Das Evangelium der heutigen Liturgie (Mt 11,25-30) lädt uns dazu ein, in den Lobpreis einzustimmen, den Jesus dem Vater, dem »Herrn des Himmels und der Erde« (vgl. V. 25), entgegenbringt. Der Mensch gewordene Sohn Gottes offenbart seine Liebe, indem er jedes Geschöpf in diese Danksagung einbezieht.
Die Einfachheit einer so spontanen und freudigen Geste entspricht der Art Gottes, der es liebt, sich den »Unmündigen« zu offenbaren, während er »den Weisen und Klugen« verborgen bleibt (vgl. V. 25). Diese sind nämlich so sehr von ihren eigenen Ideen eingenommen, dass sie die Gegenwart Christi nicht erkennen, des Messias, der sein Volk besucht. Menschliche Weisheit wird dann zu Arroganz, und die Lehre verkommt zu Hochmut. Die wahre Weisheit Gottes offenbart sich hingegen in der Demut des Fleisches, und seine Unterweisung richtet sich an jene, die sich am schwersten tun: »Kommt alle zu mir, die ihr mühselig und beladen seid« (V. 28), sagt der Herr. Zu Jesus zu gehen bedeutet, auf seine Liebe zu antworten und sein Leben bis zum Kreuz zu teilen, wie er uns selbst erklärt hat: »Wenn einer hinter mir hergehen will, verleugne er sich selbst, nehme sein Kreuz auf sich und folge mir nach« (Mt 16,24). Eben diese Selbsthingabe aus Liebe ist das „Joch“ Jesu (vgl. Mt 11,29), d. h. die Zusammenfassung seiner Lehre, das Herzstück seiner Weisheit, voll brennender Liebe zu allen.
Last des Kreuzes
Brüder und Schwestern, wie kann die Last des Kreuzes „leicht“ und „sanft“ sein (vgl. V. 30)? Aus einem einzigen Grund: weil der Herr sie als Erster und gemeinsam mit uns allen trägt, ohne uns jemals mit dem allein zu lassen, was uns niederschlägt. Als wahrer Meister nimmt Jesus die vom Bösen verwundete Menschheit auf sich, um sich ihrer anzunehmen. Die Weisheit, die er uns schenkt, ist somit eine Heilsbotschaft und sein Joch hilft uns, nach jedem Sturz wieder aufzustehen. In der Nachfolge Christi ist unser Weg also keine abtötende asketische Übung: Er ist eine Schule der Freiheit, die das Drama der Geschichte ernst nimmt und stets ihren Sinn erhellt, vor allem in den dunkelsten Momenten. Denn nur am Kreuz Jesu wird das Böse erlöst: Nur in seinem Leiden findet unsere Todesmüdigkeit Trost und Erlösung.
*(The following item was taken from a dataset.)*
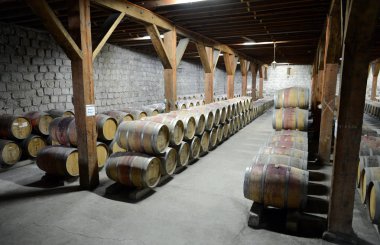  Şarap fıçıları, şaraphane Santa Rita.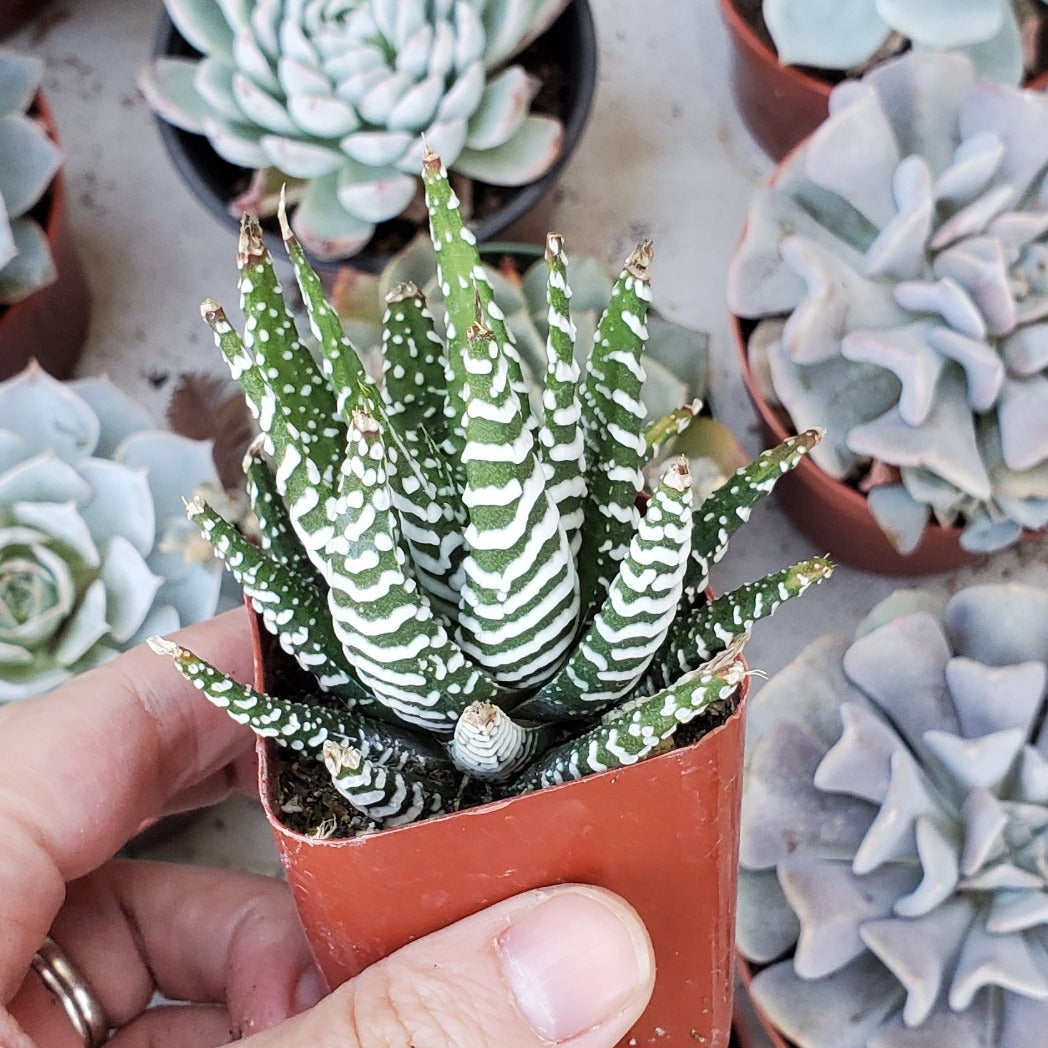 zebra plant succulent flower Haworthia fasciata 'Zebra Plant'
In der Knechtschaft ist Christus Befreiung. Unter der Geißel des Krieges ist Christus Hoffnung. In der Stunde der Sünde ist Christus Vergebung. Das ist die wahre Weisheit, d. h. der Weg, den wir als in seinem Namen vereinte Jünger gemeinsam gehen wollen. Jesus lehrt uns das als Sohn, indem er unser Bruder wird: Mit der Kraft des Heiligen Geistes offenbart er selbst der Kirche die Wahrheit über Gott und den Menschen, denn »niemand kennt den Vater, nur der Sohn und der, dem es der Sohn offenbaren will« (V. 27).
Meine Lieben, während wir dem Herrn für sein liebevolles Vertrauen danken, bitten wir Maria, die Königin des Friedens, um ihre Fürsprache zum Wohl der Kirche und der ganzen Welt.